Sunday, May 24, 2015

Mulholland Drive [dir. David Lynch]

I had seen MH long long ago, and considered it at the time an arbitrary and pretentious movie whose critical acclaim hinged solely on its being made by David Lynch. The blu-ray was therefore an experiment in re-evaluation, to see if I had by chance missed the significance of the film.

Turns out, I had. I am still not ready to list this among my favorite films, but there's definitely a twisted dream logic to the proceedings that unlocks along with the opening of the MacGuffin blue box in the film. I cannot describe the film in great detail here for fear of spoiling it for people that have not yet seen it, but it starts off as a neo-noir mystery thriller centered on the two female leads (Naomi Watts and Laura Harring, both smoldering) with what seem like barely connected detours featuring other characters and situations, but in the last 15-20 min of the film, Lynch pulls off a coup of reversal that has you rethinking on all you have previously seen. And I imagine this will induce greater re-watchability to the film even if some individual events (the diner episode and the espresso episode in particular) still seem contrived in their weirdness. It helps to know that some of the feeling of disconnect and paucity of character development possibly stems from the fact that MH was first developed as a TV series, and after the studio developed cold feet over the pilot, re-purposed with additional funding from Studio Canal as a standalone feature film. Lynch is not apologetic over the loose ends because as he proposes, dreams have lots of loose and dead ends, and the film operates on a dream logic.

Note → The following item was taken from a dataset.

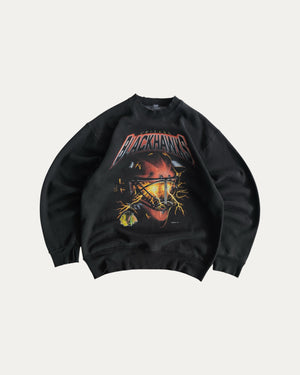 (L) 90’S VINTAGE SALEM CHICAGO BLACKHAWKS NHL CREWNECK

Studio Canal's blu-ray gives a solid presentation. The video has some significant amount of manipulation in terms of light exposure and softness so it's not reference material, but generally looks very good and assumedly faithful to the director's intentions. The soundtrack is quite brilliant, both in terms of sound effects and Angelo Badalamenti's atmospheric score. I am a little annoyed about the lack of English subs on this release because one problem is that the dynamic range of the audio is VERY HIGH, meaning it can go from barely audible whispers to room rocking crash-bangs, making it necessary to adjust the volume during playback, not convenient. There are a bunch of extras, with behind-the-scenes footage during the shoot, as well as various film-makers waxing on the greatness and importance of MH (* These extras are present on the digibook release of the film, but may have been removed from the armaray case re-issue).